How to juggle Data Mesh and Data Fabric to enable data-driven actions and business decisions?
Modern applications for Big Data confront us with new challenges, usually related to where data resides, how it can be used and who could benefit from its use.
In modern data architectures approaches, Data Mesh and Data Fabric stand out among the others. These approaches can be defined as frameworks or designs that help us facing these new challenges. Due to their abstract nature, they are not strictly related or defined by a particular product, technology or industry, but can assume various forms depending on their interpretation and the use-case.
Data Fabric is the architectural framework able to ensure a unique and unified view of different services and technologies by giving a simplified access to organizational data and by making information available in the right way, in the right time and to the correct user.
At a technological level, Data Fabric is composed by a stack of services between the data source and consumer, integrated by different processes related to the data lifecycle which can be divided in different layers.
This approach can ensure multiple benefits:
business users are enabled to take decisions and actions with a data-driven approach, making the experience faster and more personalized;
data management can benefit of automated and less expensive operational activities on data lifecycle;
from an organizational perspective, it reduces the gap between data experts and the business side.
Data Mesh is an architectural framework based on the concept of “domain”, where data is treated as a product and maintained by the team that has the functional knowledge of the information.

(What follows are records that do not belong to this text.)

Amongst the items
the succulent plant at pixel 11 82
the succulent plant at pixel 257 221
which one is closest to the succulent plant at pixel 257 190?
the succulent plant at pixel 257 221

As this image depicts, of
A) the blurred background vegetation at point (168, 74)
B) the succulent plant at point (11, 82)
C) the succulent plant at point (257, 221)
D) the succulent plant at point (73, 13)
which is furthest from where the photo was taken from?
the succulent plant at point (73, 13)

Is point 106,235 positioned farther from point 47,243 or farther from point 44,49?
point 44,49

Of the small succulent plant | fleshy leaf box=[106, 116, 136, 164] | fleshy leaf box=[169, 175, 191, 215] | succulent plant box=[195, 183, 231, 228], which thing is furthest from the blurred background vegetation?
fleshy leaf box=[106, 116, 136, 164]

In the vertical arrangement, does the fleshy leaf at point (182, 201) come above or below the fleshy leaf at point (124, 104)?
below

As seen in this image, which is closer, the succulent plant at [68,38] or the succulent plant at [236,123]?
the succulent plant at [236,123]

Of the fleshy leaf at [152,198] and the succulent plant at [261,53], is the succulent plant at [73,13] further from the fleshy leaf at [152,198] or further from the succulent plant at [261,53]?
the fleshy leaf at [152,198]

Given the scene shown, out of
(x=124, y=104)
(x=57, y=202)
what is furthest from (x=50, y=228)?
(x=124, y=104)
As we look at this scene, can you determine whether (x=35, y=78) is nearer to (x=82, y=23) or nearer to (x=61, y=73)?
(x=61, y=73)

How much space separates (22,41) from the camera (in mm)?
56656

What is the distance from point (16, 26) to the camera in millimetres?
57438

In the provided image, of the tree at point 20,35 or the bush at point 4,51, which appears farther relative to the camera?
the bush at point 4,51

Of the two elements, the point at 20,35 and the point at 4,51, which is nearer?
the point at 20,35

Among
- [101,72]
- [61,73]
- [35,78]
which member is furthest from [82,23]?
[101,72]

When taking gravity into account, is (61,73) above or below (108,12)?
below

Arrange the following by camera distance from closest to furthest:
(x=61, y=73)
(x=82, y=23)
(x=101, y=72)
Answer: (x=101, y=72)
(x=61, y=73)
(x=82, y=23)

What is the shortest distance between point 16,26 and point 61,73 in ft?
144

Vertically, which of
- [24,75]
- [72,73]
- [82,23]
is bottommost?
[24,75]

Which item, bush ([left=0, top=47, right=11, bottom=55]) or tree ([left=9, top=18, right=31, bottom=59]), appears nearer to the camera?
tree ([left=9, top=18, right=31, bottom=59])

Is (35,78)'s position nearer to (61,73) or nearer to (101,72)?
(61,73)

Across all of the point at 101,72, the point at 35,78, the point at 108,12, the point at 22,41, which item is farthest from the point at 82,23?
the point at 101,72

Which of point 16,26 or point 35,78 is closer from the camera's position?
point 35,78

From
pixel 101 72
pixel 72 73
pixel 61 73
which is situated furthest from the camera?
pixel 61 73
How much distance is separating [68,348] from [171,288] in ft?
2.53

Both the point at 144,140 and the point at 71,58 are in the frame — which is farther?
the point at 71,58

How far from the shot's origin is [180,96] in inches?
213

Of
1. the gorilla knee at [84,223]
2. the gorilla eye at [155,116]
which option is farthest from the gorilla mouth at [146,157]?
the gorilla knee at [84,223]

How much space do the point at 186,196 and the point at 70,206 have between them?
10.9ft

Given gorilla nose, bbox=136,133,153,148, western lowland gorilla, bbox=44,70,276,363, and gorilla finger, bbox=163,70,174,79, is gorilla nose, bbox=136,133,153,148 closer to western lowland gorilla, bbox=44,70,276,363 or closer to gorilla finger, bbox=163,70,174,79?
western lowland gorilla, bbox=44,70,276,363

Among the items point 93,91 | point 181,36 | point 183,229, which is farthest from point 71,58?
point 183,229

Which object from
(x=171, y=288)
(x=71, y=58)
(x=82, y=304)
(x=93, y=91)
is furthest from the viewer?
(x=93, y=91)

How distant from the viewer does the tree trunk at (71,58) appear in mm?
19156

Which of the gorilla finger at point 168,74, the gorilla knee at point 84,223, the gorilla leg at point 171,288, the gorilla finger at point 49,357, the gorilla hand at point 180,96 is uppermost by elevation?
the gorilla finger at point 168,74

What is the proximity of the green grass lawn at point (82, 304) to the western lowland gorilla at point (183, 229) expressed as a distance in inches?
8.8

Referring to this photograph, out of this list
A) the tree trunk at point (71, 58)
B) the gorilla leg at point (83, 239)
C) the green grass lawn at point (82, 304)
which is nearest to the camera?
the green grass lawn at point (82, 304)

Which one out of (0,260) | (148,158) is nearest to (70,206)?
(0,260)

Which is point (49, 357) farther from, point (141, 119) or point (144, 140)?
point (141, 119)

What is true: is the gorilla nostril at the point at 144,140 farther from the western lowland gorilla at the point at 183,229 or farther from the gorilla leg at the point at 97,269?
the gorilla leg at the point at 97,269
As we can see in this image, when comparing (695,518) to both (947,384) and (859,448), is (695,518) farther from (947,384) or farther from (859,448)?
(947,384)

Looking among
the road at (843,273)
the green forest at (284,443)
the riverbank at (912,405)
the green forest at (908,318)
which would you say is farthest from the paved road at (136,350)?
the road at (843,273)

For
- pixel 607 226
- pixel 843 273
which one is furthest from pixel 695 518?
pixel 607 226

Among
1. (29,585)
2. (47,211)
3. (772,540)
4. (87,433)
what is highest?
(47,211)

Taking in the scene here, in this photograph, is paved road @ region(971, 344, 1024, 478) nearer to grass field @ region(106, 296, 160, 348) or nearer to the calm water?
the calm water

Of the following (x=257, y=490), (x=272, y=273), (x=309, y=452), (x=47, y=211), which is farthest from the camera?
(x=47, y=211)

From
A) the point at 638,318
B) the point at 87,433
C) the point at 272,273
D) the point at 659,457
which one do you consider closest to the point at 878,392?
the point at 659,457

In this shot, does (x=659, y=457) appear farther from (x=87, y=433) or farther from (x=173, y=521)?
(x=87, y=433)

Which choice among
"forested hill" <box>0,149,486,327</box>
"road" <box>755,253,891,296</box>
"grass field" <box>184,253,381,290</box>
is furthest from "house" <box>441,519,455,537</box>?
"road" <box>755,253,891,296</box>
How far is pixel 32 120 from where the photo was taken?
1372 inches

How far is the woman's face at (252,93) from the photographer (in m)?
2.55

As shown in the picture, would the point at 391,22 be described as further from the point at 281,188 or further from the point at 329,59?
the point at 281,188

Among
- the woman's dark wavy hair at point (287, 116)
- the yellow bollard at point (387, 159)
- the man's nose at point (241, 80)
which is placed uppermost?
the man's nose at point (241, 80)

A domain can be seen as a high-level category associated to a specific business function – i.e.not systems or applications.

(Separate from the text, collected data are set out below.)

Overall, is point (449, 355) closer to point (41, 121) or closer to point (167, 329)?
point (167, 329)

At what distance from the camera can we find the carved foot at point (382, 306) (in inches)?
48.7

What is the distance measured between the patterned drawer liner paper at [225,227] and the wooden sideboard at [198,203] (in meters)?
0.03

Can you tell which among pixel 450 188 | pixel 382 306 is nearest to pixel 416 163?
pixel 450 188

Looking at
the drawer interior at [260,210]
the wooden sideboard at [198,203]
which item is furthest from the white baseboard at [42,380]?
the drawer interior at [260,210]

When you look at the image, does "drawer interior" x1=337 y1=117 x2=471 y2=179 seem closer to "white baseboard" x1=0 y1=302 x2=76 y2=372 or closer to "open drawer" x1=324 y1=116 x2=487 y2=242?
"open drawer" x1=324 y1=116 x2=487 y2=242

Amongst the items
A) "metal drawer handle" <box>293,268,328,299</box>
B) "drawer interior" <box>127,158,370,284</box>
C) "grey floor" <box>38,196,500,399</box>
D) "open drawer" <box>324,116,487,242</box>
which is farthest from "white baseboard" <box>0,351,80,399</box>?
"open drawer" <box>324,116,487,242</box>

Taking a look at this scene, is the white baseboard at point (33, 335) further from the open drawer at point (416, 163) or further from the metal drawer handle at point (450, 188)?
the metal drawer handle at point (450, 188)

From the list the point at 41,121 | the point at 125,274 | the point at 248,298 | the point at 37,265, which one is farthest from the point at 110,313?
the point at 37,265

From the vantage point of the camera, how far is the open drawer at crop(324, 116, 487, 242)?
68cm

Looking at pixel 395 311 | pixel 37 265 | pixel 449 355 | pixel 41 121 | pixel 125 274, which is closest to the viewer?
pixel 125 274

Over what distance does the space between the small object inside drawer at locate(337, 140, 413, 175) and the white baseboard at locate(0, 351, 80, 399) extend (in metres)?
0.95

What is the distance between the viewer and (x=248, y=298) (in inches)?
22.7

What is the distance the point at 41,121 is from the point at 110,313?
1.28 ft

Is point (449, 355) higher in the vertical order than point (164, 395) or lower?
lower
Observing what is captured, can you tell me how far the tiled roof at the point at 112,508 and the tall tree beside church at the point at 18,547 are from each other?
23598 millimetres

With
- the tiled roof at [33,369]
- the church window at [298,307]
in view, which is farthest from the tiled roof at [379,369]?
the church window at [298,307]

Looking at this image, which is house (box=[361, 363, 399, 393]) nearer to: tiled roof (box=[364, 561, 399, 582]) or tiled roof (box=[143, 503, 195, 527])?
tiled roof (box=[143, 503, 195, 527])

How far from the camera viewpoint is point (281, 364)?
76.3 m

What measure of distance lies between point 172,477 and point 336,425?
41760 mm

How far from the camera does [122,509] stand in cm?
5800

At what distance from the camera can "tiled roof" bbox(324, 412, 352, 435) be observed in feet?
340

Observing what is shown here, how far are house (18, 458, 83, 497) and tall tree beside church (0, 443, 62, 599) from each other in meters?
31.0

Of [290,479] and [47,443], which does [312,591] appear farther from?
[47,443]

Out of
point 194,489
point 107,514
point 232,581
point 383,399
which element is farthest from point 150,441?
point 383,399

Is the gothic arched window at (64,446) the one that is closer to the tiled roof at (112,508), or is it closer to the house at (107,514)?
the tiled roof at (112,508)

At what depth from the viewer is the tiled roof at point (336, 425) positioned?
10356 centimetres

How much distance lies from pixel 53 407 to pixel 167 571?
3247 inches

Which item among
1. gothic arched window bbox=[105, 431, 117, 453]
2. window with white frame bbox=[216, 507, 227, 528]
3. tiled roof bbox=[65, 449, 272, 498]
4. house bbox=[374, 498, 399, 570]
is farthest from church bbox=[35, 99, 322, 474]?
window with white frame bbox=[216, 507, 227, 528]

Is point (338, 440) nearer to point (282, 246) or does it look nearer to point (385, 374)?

Every domain is defined by its own internal process and pipelines running on a common infrastructure, and it is characterized by the data it exposes and by the actions that can be performed on it.
This approach can also benefit different areas:
at a business level, it enables data democratization with a self-service approach;
it helps data management in simplifying the way data can be retrieved;
inside the organization, it allows for faster data-exchange between producers and consumers.

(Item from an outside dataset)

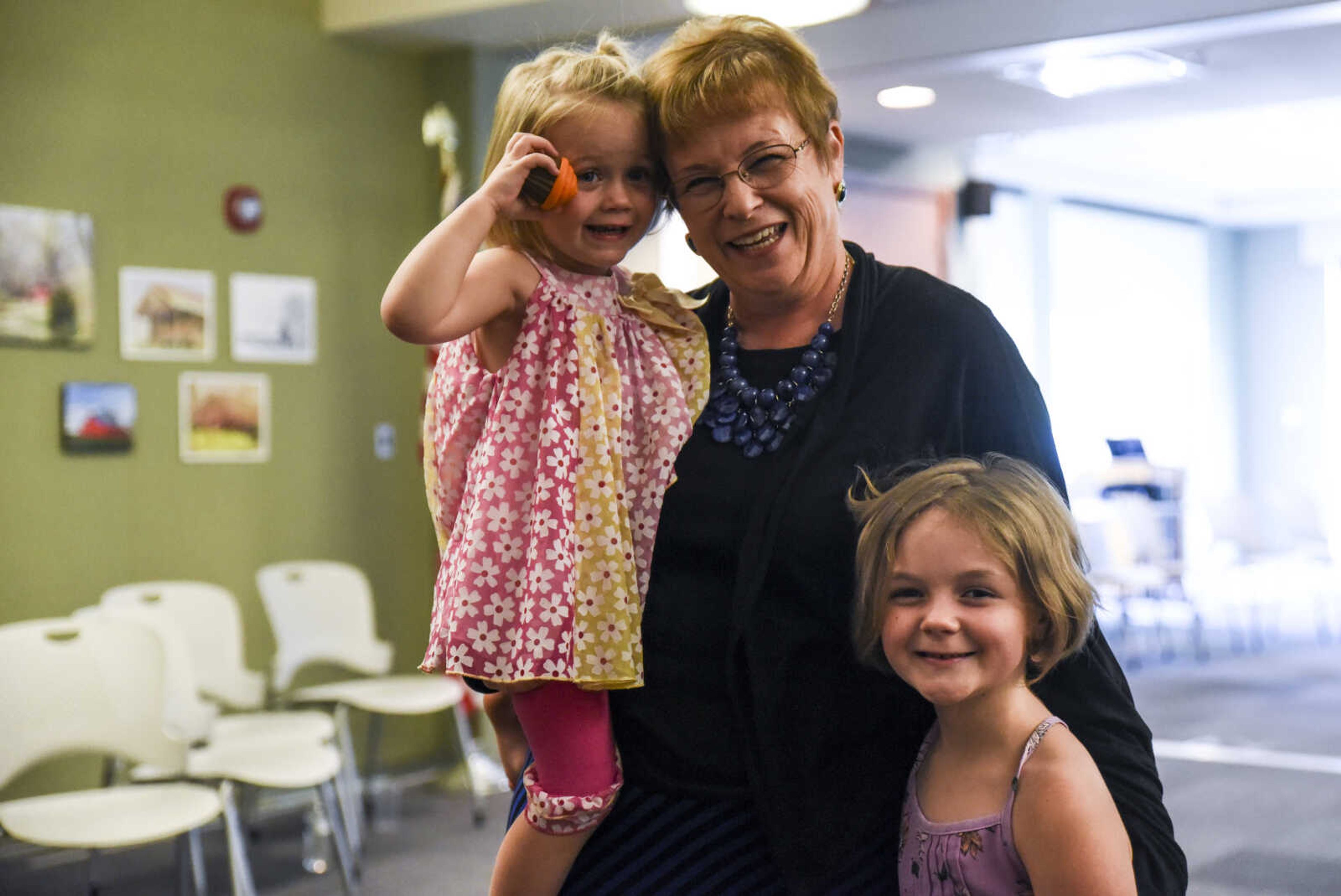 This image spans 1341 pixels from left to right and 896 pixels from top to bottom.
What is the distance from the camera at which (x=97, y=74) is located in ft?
16.0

While there is no general rule to define which approach to use when choosing between Data Mesh and Data Fabric, there are some cases in which one of the two frameworks could be a better option than the other. We, at Reply, can support you in choosing the best framework for your needs. For instance, when a Data Lake turns into a Data Swamp, it is usually due to a lack of organization, governance, and accessibility. In this case, moving towards a Data Mesh approach could help to keep data organized and usable.
On the other hand, a Data Fabric approach comes to hand when the automation of many tasks of the product lifecycle is needed. However, Data Mesh and Data Fabric are not mutually exclusive approaches. In fact, there are certain cases in which both frameworks can be a suitable option, In this cases, a mixed architecture between the two would be the most suitable choice.